To Sassoon’s credit, he swiftly realised that Owen was nurturing an enormous talent, one greater than his own, and set out to mentor him, accepting it as his due that “little Owen” would defer to him in the sphere of poetry. Owen’s devotion to Sassoon was, I believe, as much a personal one as it was a literary discipleship, for he knew Sassoon was coming to Craiglockhart and was watching him, waiting for his opportunity to make himself known, uncertain of what kind of reception he would get. He approached him as he would a superior, though they were of the same military rank. In his letters to his mother, he talks enthusiastically about Sassoon and his work but does not talk about the reasons the latter was at Craiglockhart. It is not immediately apparent whether he admired Sassoon for making a stand; perhaps this was too far from his own experience for him to feel qualified to express an opinion on the matter, or perhaps the emotionally fragile Sassoon discouraged any discussion of the topic.

I don’t have any original observations on Owen, but I often wonder whether his friendship with Sassoon would have survived peacetime. Sassoon was good at making friends, but not so good at keeping them. He fell out regularly with the Sitwells, permanently with Robert Graves, and even, occasionally, with T E Lawrence. This does not seem to have been unusual among the post-war poets, as Anthony Padgett has capably showed in his work on Humbert Wolfe. Owen appears to have been less prone to taking offence, possibly because of an ingrained inferiority complex, at least when dealing with those he regarded as his social superiors. How would he have changed, if he had lived? He would not have made a good fit with the circle of literary high-flyers that contained Sassoon, Graves, Blunden, Nichols and others; yet class and social barriers were breaking down, and he would one day have got to know men like Thomas Hardy, successful writers with somewhat different antecedents.

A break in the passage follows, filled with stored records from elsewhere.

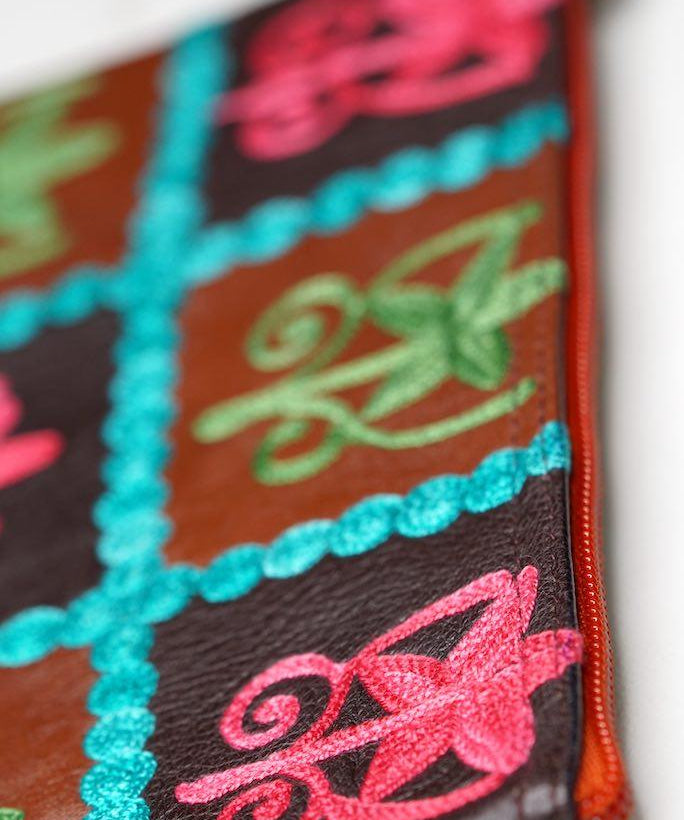Everyday purse with beautiful handmade cashmere embroidery,  boho style wristlet purse.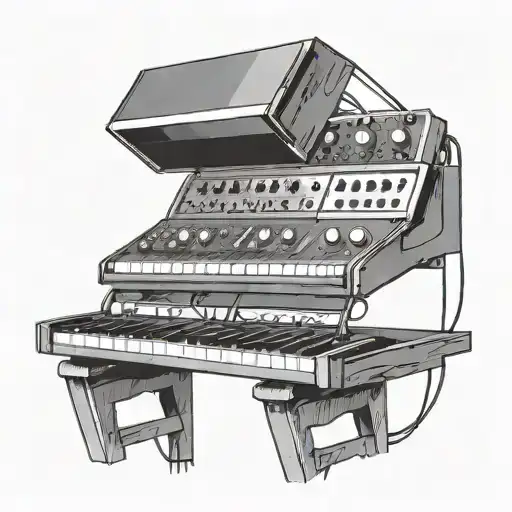 Minimalistic Synthesizer On A Stand Without Any Background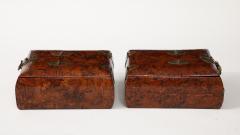 1950s Burl Wood And brass Chinese Jewelry Boxes With Mirrors - 3622562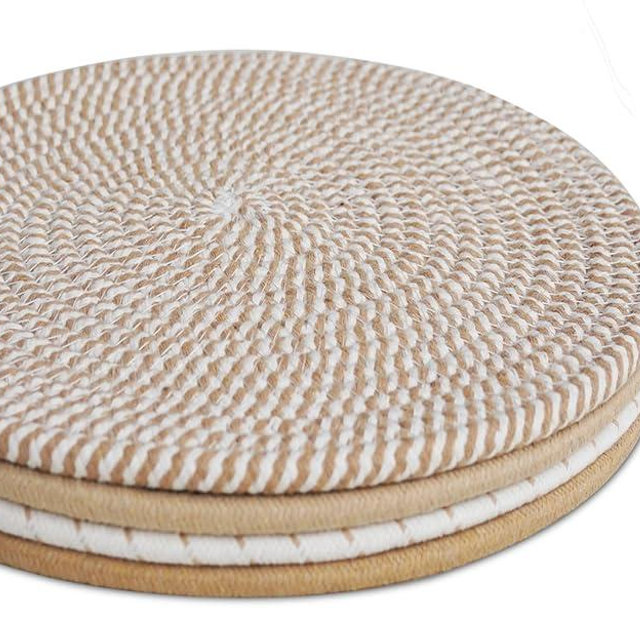 GravGrow 10 Inch Trivets for Hot Dishes, Large Trivets for Hot Pots and Pans, Thicken Heat Resistant Round Place Mats Woven Table Mats, Boho Placemats for Kitchen Dining Table, 4 Pcs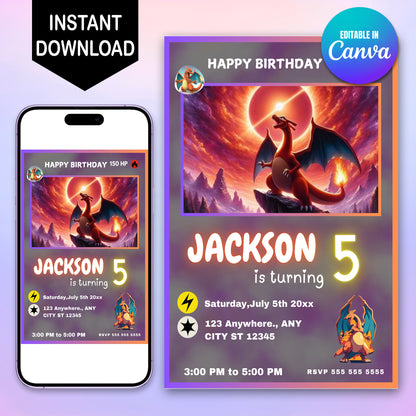 Charizard Birthday Card Invitation - CreativeRino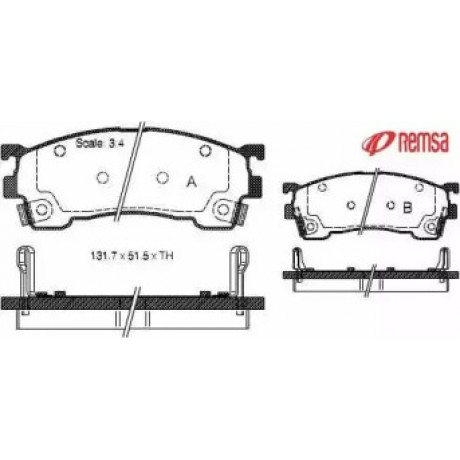 Колодка торм. диск. MAZDA 626 передн. (пр-во REMSA)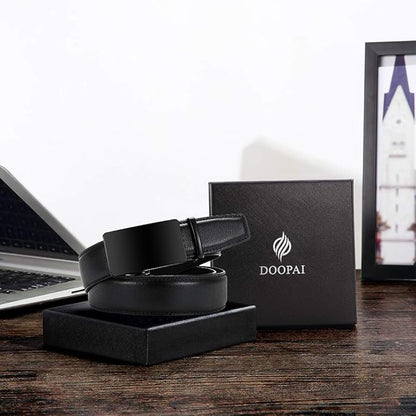 DOOPAI Belt Men, Ratchet Dress Adjustable 1 3/8" Sliding Leather Designer, Size Length Can be Cut, with Gift Box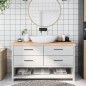 vidaXL Encimera de baño madera maciza sin tratar 140x40x(2-6) cm vidaXL Encimera de baño madera maciza sin tratar 140x40x(2-6) cm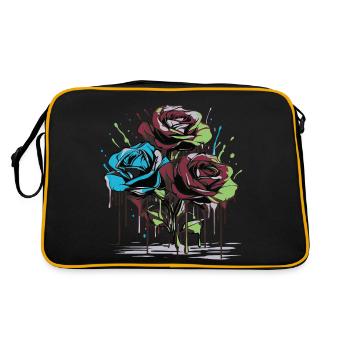 Blumen Frauen Mädchenpower Design Kunst Weiblich Rose - Retro Tasche - Schwarz/Gold - Hinten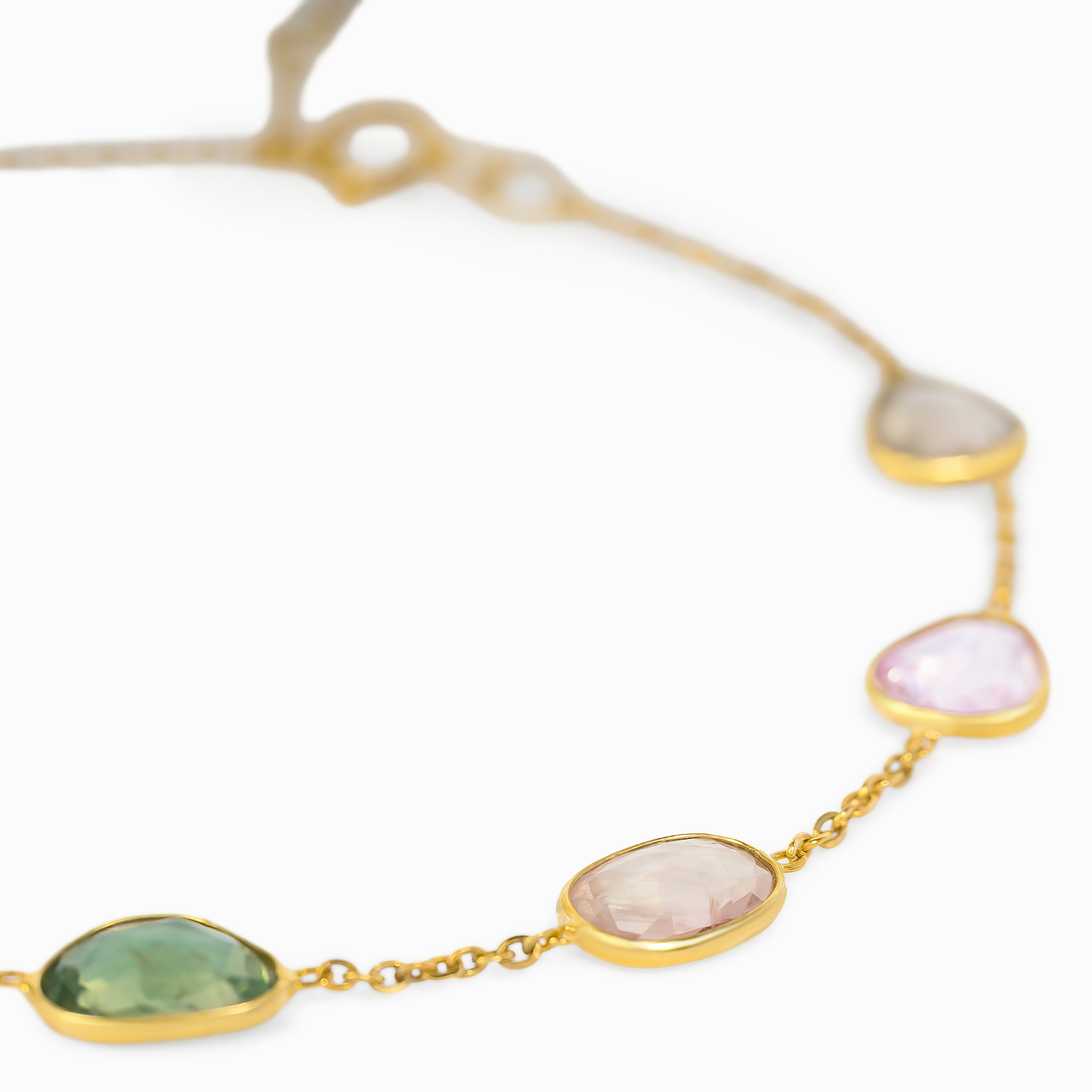 Yellow Gold Chain Gemstone Bracelet with Sapphire Stones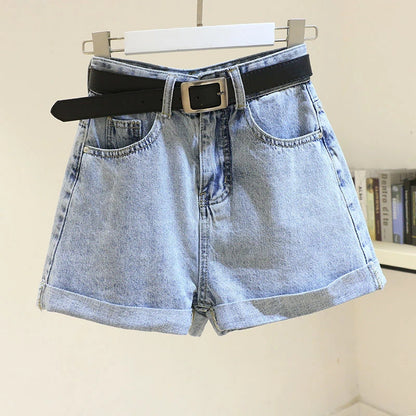 Women's Denim Shorts Summer 2024 New Loose Wide Leg Short Jeans Female Casual Clothes A-line Pants for Women Light Blue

There are various accounts of how Sassoon viewed his relationship with Owen after the latter's death. Writing of their first meeting, he admitted to having soon realised that his "little friend" was not merely the "promising minor poet" for which he had originally mistaken him. By 1952, he was complaining to a correspondent that "no one under forty writes to me except with inquiries concerning Owen". Allegedly, when Stephen Spender asked him about Owen, Sassoon responded that "he was embarrassing. He had a grammar school accent." The comment could have been made in annoyance or could equally well have been an attempt at humour.

As for Owen, his response to Sassoon's personality began as hero-worship, but after they were separated he indicated in a letter that he did not intend to be Sassoon's "satellite" for much longer: "I shall swing out soon, a dark star..."  He has remained, for subsequent generations, a star - perhaps not dark, but certainly mysterious.